Chez nous, aux Comores, la littérature a aussi un sens. Ma lecture cursive de Tombé du ciel, pièce de théâtre d’Abdérémane S.M. Wadjih nour...
Chez nous, aux Comores, la littérature a aussi un sens. Ma lecture cursive de Tombé du ciel, pièce de théâtre d’Abdérémane S.M. Wadjih nourrit ma réflexion sur la naissance naissante de ce genre littéraire aux Comores où la consommation de lecture avance à pas de tortue. J’ai lu avec appétence cette pièce de théâtre dont le message, avant qu’on découvre qu’il suscite une prise de conscience, procure d’abord un plaisir mais un plaisir qui reste conscient !
Pour que l’objet littéraire surgisse dans toute sa puissance, ce jeune docteur en anthropologie n’a pas tardé à nous livrer des apartés dont les personnages s’opposent, se lèguent, livrent leur vérité mais Tamu, personnage principal de cette pièce a à cœur de vivre sa déchirure « secrète » qui entrechoque sa mémoire qui, en vain, s’attache à trouver un dérivatif à la misère quotidienne dont il est victime. La « folie incomprise » de ce personnage a fait que le monde de la communication des personnages soigneusement gérés et unis dans une étreinte dialogue devient le monde d’illusion et de magie où la parole de tous les personnages se trouve entièrement libérée.

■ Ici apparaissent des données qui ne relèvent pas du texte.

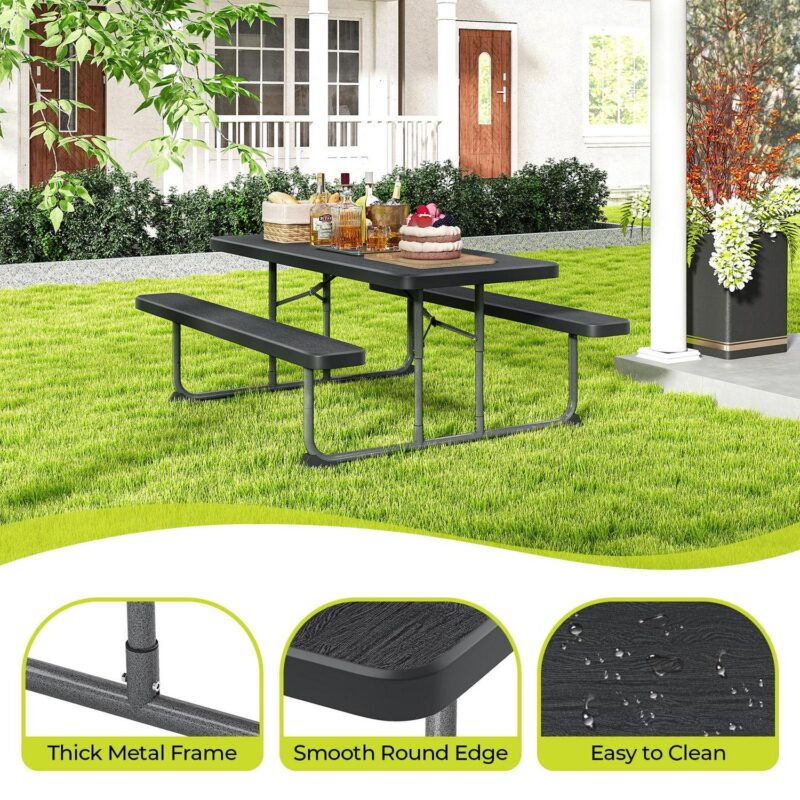 Fenbeli 6ft Outdoor Picnic Table with Benches Folding Picnic Table Set for Camping, BBQ, and Patio Use, Black - Image 5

Tenaillé par la misère politique qui s’abat sur son archipel natal, Tamu s’interroge sur sa vie sur terre, sa raison d’être vraiment Comorien en multipliant ses plaintes contre la délinquance politique qui encombre sa terre qui l’a vu grandir en tout cas pas en beauté. Son amour pour son pays, sa volonté de voir celui-ci changer les mauvaises mentalités irriguent cette pièce en profondeur et en fusionnent en émouvante parabole sur l’omniprésence de la corruption qui gangrène l’archipel des Comores.
Amoureux des mots et de la musique, Abdérémane Wadjih joue avec les mots et sur les mots pour cerner le rôle du théâtre et susciter l’émotion du lecteur. Voilà pourquoi au fil de lecture, on découvre sa vocation d’écrivain en nous faisant déguster une prose tempérée dotée d’une audience où il s’en profite pour dénoncer les injustices qui déchirent son pays en lambeau. Le pouvoir de la philosophie de ce livre tient à ce qu’il cherche à toucher le lecteur au-delà des circonstances particulières.
D’ailleurs le recours à la sorcellerie dépravée - du gala à la trance pour trouver une solution à la « folie » de Tamu dont la vision dépasse l’imagination de ses parents et des esprits - pousse à penser, puis à agir philosophiquement en conséquence.
Mon analyse de cette pièce de théâtre est une mise en garde contre toute critique négative qui considère la littérature comme plaisir. J’affirme encore une fois que la littérature est un effort, une lutte pour atteindre la connaissance et la liberté. Tombé du ciel en est une parfaite illustration. Son message porte loin en cette période de vote où les Comores sont secouées par une crise politique sans précédent. Je souhaite qu’il soit écouté et reçu littérairement et politiquement en rejouant la pièce.